Analoger Unsinn prägt auch Yahyas Bild der Selektion:
Die natürliche Selektion dient als ein Mechanismus, durch den die schwachen Individuen innerhalb einer Spezies entfernt werden. Sie ist ein Konservationsmechanismus, der die bestehende Spezies vor Degeneration bewahrt. Darüber hinaus hat sie keinerlei Fähigkeit, eine Spezies in eine andere umzuwandeln.
Warum Gott nur die negativen Aspekte der Mutation und des Selektionsprinzips zugelassen haben sollte, wenn bei dem Mechanismus nicht auch ab und zu etwas Brauchbares herausspringt, bleibt Yahyas Geheimnis. Einfach Stasis ohne Mutation und Selektion zu verordnen, sollte in einer ohnehin ab Werk perfekten Schöpfung ein Leichtes gewesen sein. Aber vielleicht wollte Gott sich eine Möglichkeit vorbehalten, Abweichler zu bestrafen. Vielleicht trifft das auch nur auf Harun Yahya zu.

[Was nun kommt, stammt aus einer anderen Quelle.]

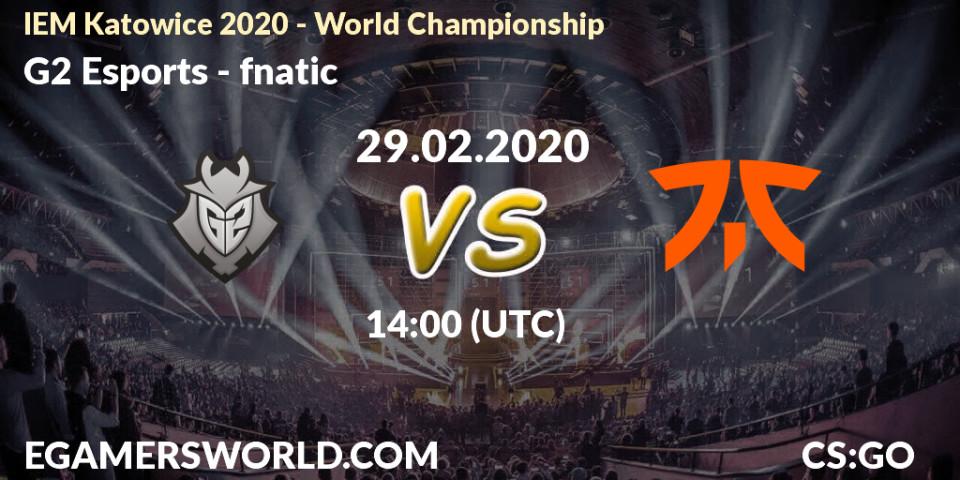 G2 Esports - fnatic: ennuste. 29.02.20, CS2 (CS:GO), IEM Katowice 2020 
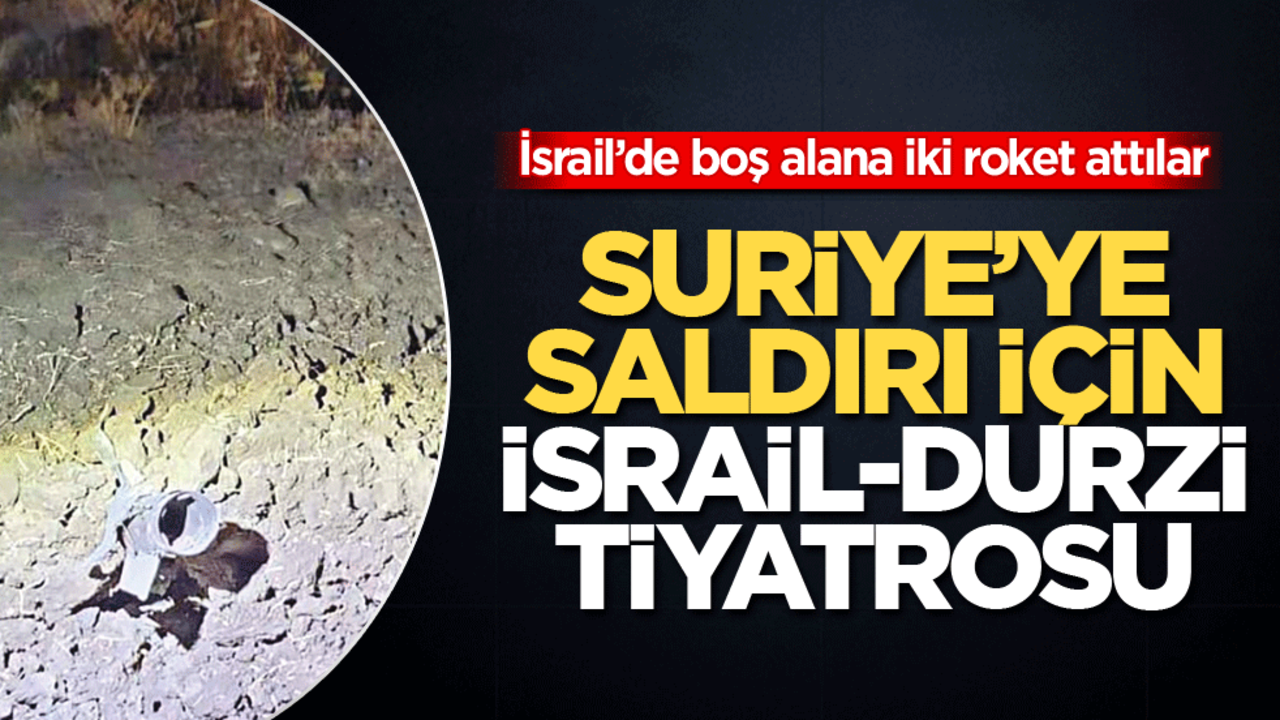 İsrail’de boş alana iki roket attılar! Suriye’ye saldırı için İsrail-Dürzi tiyatrosu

Wenn das alles so albern ist, warum sich überhaupt damit beschäftigen? Das Problem ist, dass Yahyas vergiftete Gewissheiten wirken. Die "Beweiskraft" seiner Schriften, deren er sich so rühmt, beruht auf falscher Anschaulichkeit. Seine verkitschte pseudowissenschaftliche Frömmelei ist millimetergenau auf den infantilen Geschmack eines kritikunfähigen Publikums zugeschnitten, das lieber Trost und Halt in Märchen sucht, als etwas über die Welt erfahren will. Seine Methode der endlosen Wiederholung, gepaart mit der Taktik, den Leser mit Bildern zu erschlagen, ist simpel, aber gerade bei seiner Zielgruppe effektiv. All zu lange haben echte Wissenschaftler über Autoren wie Harun Yahya nur gelacht, oder haben "geschwiegen und sind vorübergegangen".

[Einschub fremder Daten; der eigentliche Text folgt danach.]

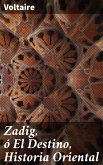 Zadig, ó El Destino, Historia Oriental (eBook, ePUB)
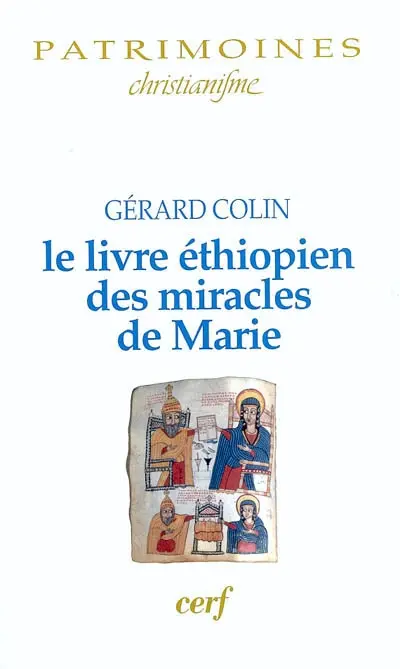 Le livre éthiopien des miracles de Marie. Taamra Mâryâm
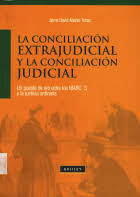 LA CONCILIACION EXTRAJUDICIAL Y LA CONCILIACION JUDICIAL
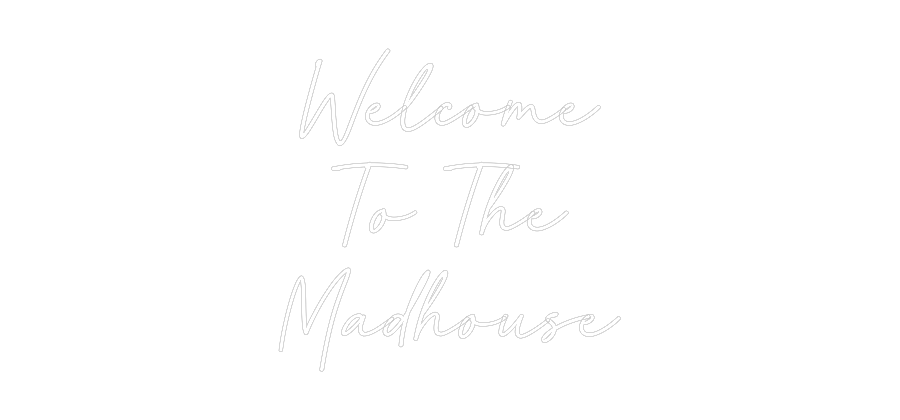 Custom Neon: Welcome
To T...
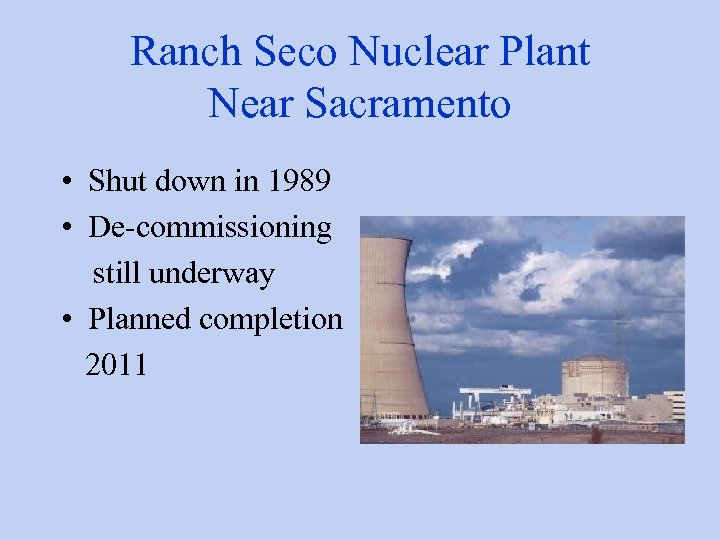 Ranch Seco Nuclear Plant Near Sacramento • Shut down in 1989 • De-commissioning still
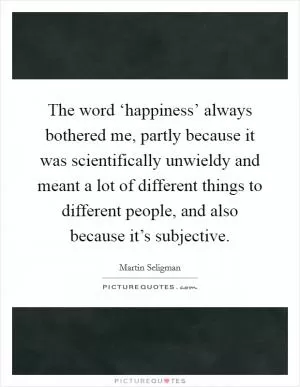 The word ‘happiness’ always bothered me, partly because it was scientifically unwieldy and meant a lot of different things to different people, and also because it’s subjective Picture Quote #1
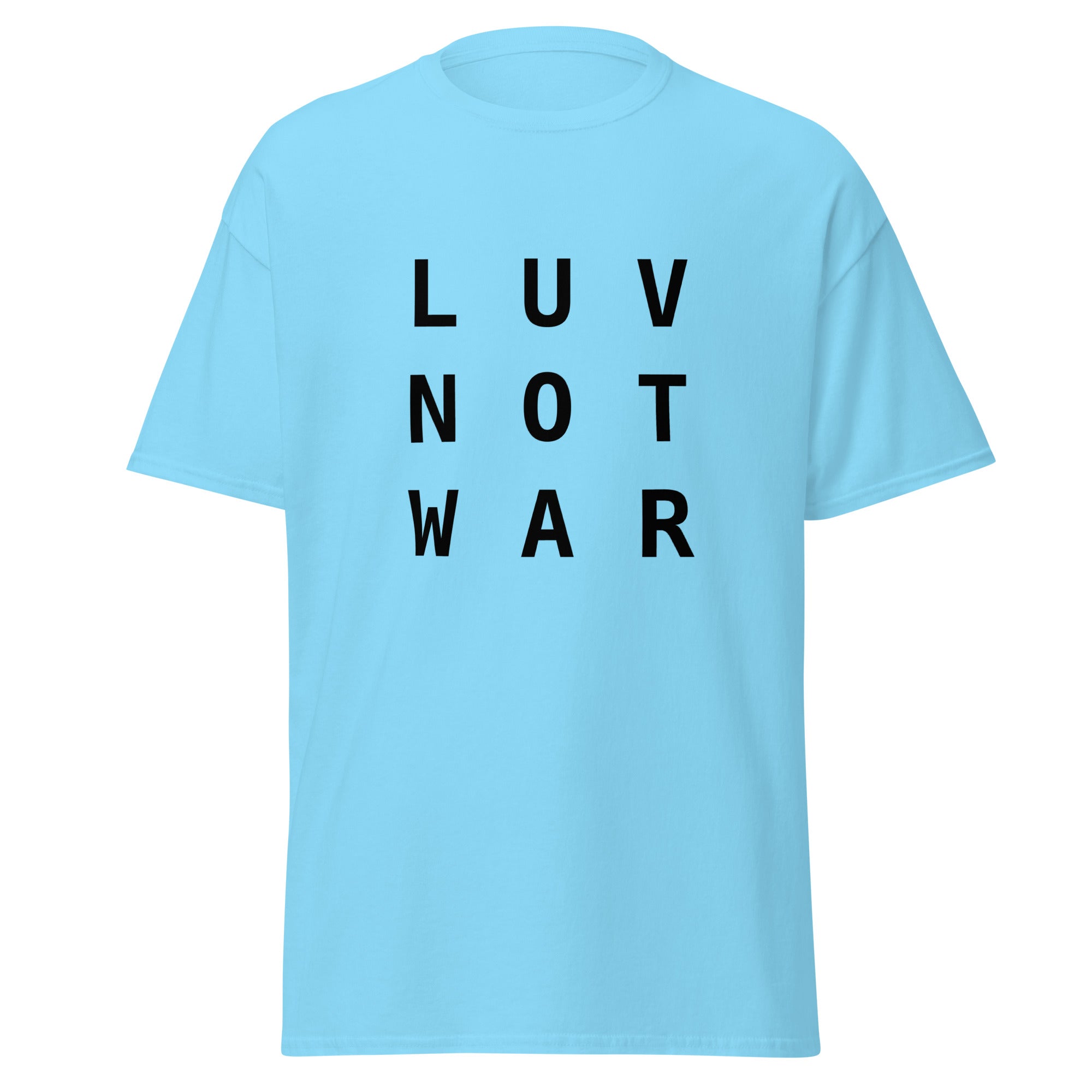 LUV NOT WAR – Unisex Classic Tee
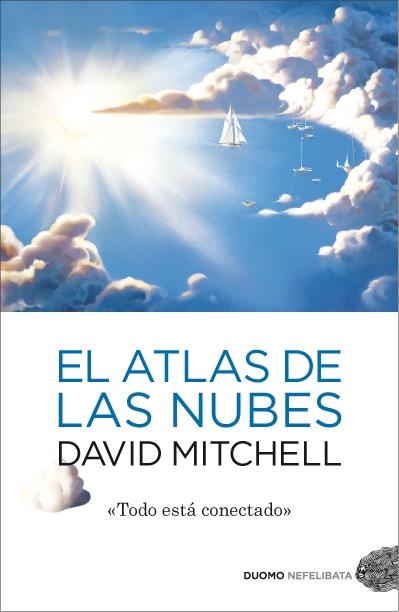 ATLAS DE LAS NUBES, EL | 9788492723799 | MITCHELL, DAVID | Llibreria La Puça | Llibreria online d'Arsèguel - Comprar llibres en català online - Llibres Andorra i Pirineu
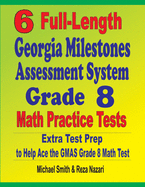 6 Full-Length Georgia Milestones Assessment System Grade 8 Math Practice Tests: Extra Test Prep to Help Ace the GMAS Math Test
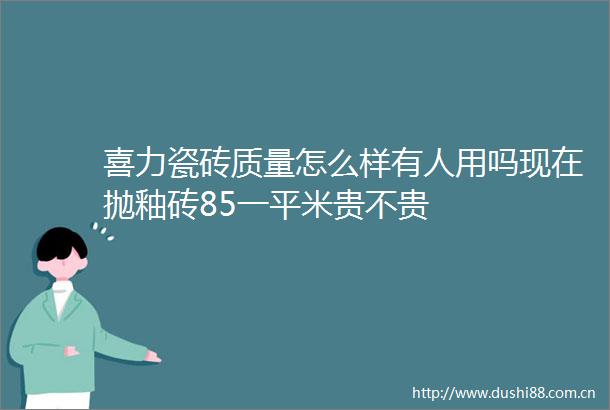 喜力瓷砖质量怎么样有人用吗现在抛釉砖85一平米贵不贵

Das ist bei der Sachlage verständlich, weist aber auf einen blinden Fleck der modernen Wissenschaft selbst hin. Echte Naturwissenschaftler verstehen sich, von Ausnahmen wie Carl Sagan und Richard Dawkins abgesehen, als Kritiker ihrer selbst und ihrer Kollegen, nicht aber als Kritiker des gesellschaftlichen Umfelds, in dem ihre Wissenschaft stattfindet. Daher sind sie oft den Veränderungen gegenüber blind, die dieses gesellschaftliche Umfeld durchmacht. Aber das Aufkommen des Kreationismus stellt eine gesellschaftliche Veränderung dar, die mehr Beachtung und Kritik verdient als bisher. Denn einen Verdienst hat der "Atlas der Schöpfung" durchaus, auch wenn es nicht der ist, den sein Autor sich schon in den multiplen Vorworten zuschustert. Er macht mit aller wünschenswerten Klarheit deutlich, was von der Wissenschaft übrig bliebe, wenn Leute wie Yahya das Sagen hätten: nichts außer dem pseudowissenschaftlich aufgemöbelten Starrsinn des religösen Dogmas. Und das wäre, bei aller notwendigen Kritik an der Wissenschaft selbst, eine Tragödie.